政府と企業の支出する力が、強すぎるのか、弱すぎるのかは、マーケットの金利の動きで把握できます。企業行動対比で、財政赤字が大きすぎれば、金利が高くなります。財政支出が少な過ぎれば、金利が低くなります。これまで金利が0%だったのは、マクロ経済学的に財政支出が少なすぎたことを示します。日銀は、経済状況と資金需給を追認する形で利上げをすることが望ましく、日銀の動きのみによって「金利がある世界」となるわけではありません。
政府の金利負担は、国債の利払費から、金融資産からの収益を引いたネットの利払費となります。ネットの利払費が大きすぎれば財政余力は小さく、利払費が小さければ財政余力は大きくなります。グローバルには政府のネットの利払費GDP比で、財政余力を見ることが標準になっています。

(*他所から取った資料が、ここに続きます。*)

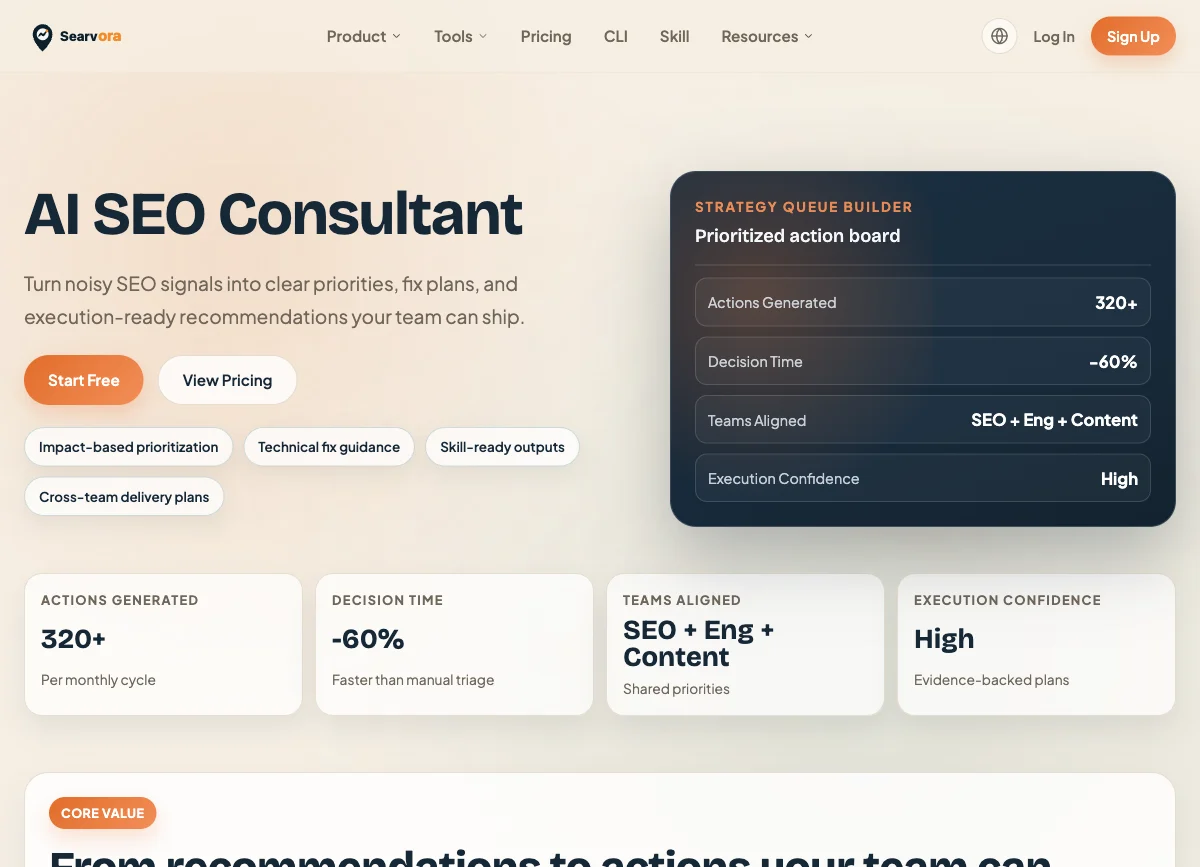 Searvora AI SEO Consultant public page showing a prioritized action board for SEO planning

OECD推計では、日本のネットの利払費GDP比は極めて小さく、財政余力が大きいこと示します。日銀の利上げを織り込んでも、2026年までにネットの利払費GDP比はほとんど増加しません。2025年度予算の粗利払い費(10.5兆円)から税外収入(8.7兆円)を控除すれば、わずか1.8兆円です。賦課方式である年金の社会保障基金は余剰資金であり、金利収入は更なる余剰です。修正賦課方式と呼ばれるのは、基金が積み上がってしまったことによる便宜上の呼び方で意味はありません。
国際経常収支の黒字も、国内資金が余剰で、財政余力を示します。円安の水準なのは、内需が弱く、国内の投資機会が小さいからです。内需も強く、経常収支が黒字となれば、円高になります。